Transferring views, family types, elements, etc. between different Revit® projects

Autodesk® Revit® can save a lot of time when you’re working on large projects or multiple similar projects. What you want to use here are Revit project templates.

Revit users can save system families (walls, floors, etc.), component families (doors, windows, furniture, etc.), sheets, schedules, annotations, graphics, and so on to their project templates. This can save a lot of time when starting a new project because you skip over the creation of schedules or importing needed families.

Each project is different, though, so you can’t create a template that will suit all projects. Even if you create a few templates to choose from for new projects, the chosen template won’t fit 100%.

There are even situations when, for example, schedules from multiple different projects have to be used in a new project. Also, sometimes beginners forget to use the required project template and have problems transferring their work to a project template. There is a partial solution for that using Revit project linking, binding it afterward, but losing annotations, detail items, views, etc., but that’s a topic for another post.

First of all, let’s see how system family types, annotations, tags, view templates, etc. can be transferred between projects (those are just types, not designed elements of the project).

How to transfer Revit project standards

The first step is to open both projects: the one you would like to transfer things from (the source project) and the one you want to transfer things to (the target project). Leave the active project you want to transfer things to. Then you have to go to the Manage tab and choose the Transfer Project Standards tool.

Function in Revit to Transfer Revit Project Standards.

After that, you’ll see the Select Items to Copy dialog box.

Next to Copy from you have to choose the opened source project and tick the categories you want to transfer to your target project. After clicking OK, you might get some warnings or an option to choose what to do with duplicate elements. Now you are ready to use those elements in your project.

Ways to transfer Revit families from one project to another

But what about component families, like doors, windows, etc.? Well, Revit plugins like Smart Browser Free or Smart Browser can be used to transfer component families between projects quickly, or you can do it manually.

The fastest way I found to do it is to save all families from the project to some folder and then to import the required ones into another project.

To start with, open the source project where the required families are. Then, in Project Browser navigate to the Families section and right-click it. Choose Save. Then, choose a folder to save your families to, and, in the Family to save field, leave the “<All Families>” option as it is.

Of course, you can save needed families by right-clicking them one-by-one in the Project Browser, but it is way faster to export them all at once (you can use the Purge Unused tool from the Manage tab to delete families that are not used in the project, so they won’t get saved).

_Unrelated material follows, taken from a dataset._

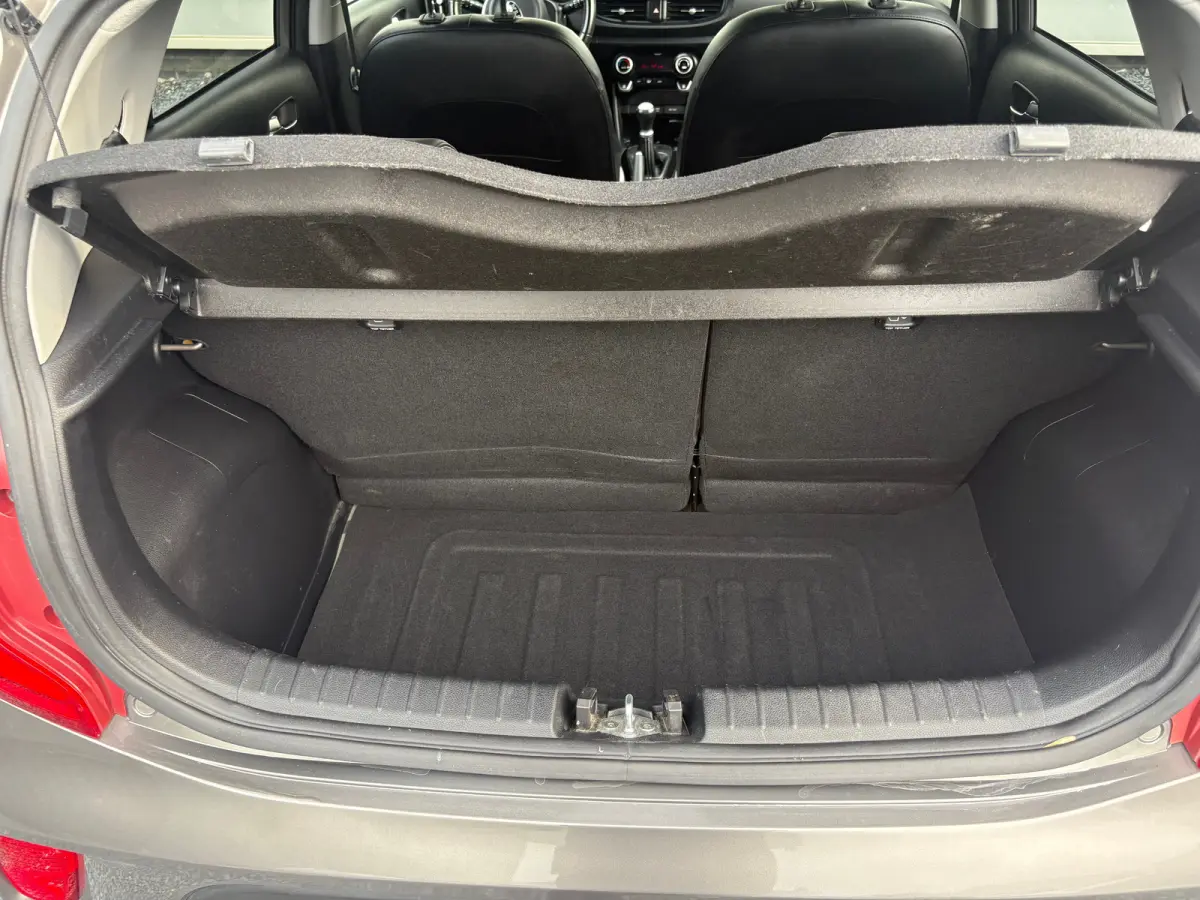 1.0 CVVT Design Edition |AIRCO| ELEKTRISCHE RAMEN VOOR| APPLE CARPLAY| ANDROIDAUTO| LICHTMETALEN VELGEN 16''|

After saving is done, open the target project. I guess you already know what to do next… You can open the folder with saved families, mark the required ones while holding the Ctrl or Shift key on your keyboard, and just drag them into your Revit project. Or you can use Load Family from the Insert tab and, just like previously, mark the families you want to import, while holding the Ctrl key, then click Open and your families are ready to use.

That’s way quicker than going through libraries, folders and loading needed families one-by-one. Also, you might not have some families in your libraries but have them only in some projects.

Transfer schedules, sheets, drafting views in Revit

Now we need to transfer schedules, sheets, and drafting views. To do that, you just need to have the target project opened. Navigate to the Insert tab and choose Insert from FileInsert Views from File. Find your source project, click Open. Tick the views you need in your project and click OK. You might get some warnings about duplicate types, which you can close by clicking OK. Now you can find your imported views in the Project Browser.

So, we’re clear about the elements that can be transferred between projects and those used in a new project. But what about the exact elements that are modeled or placed in another Revit project in a certain place? That’s a tip for another article.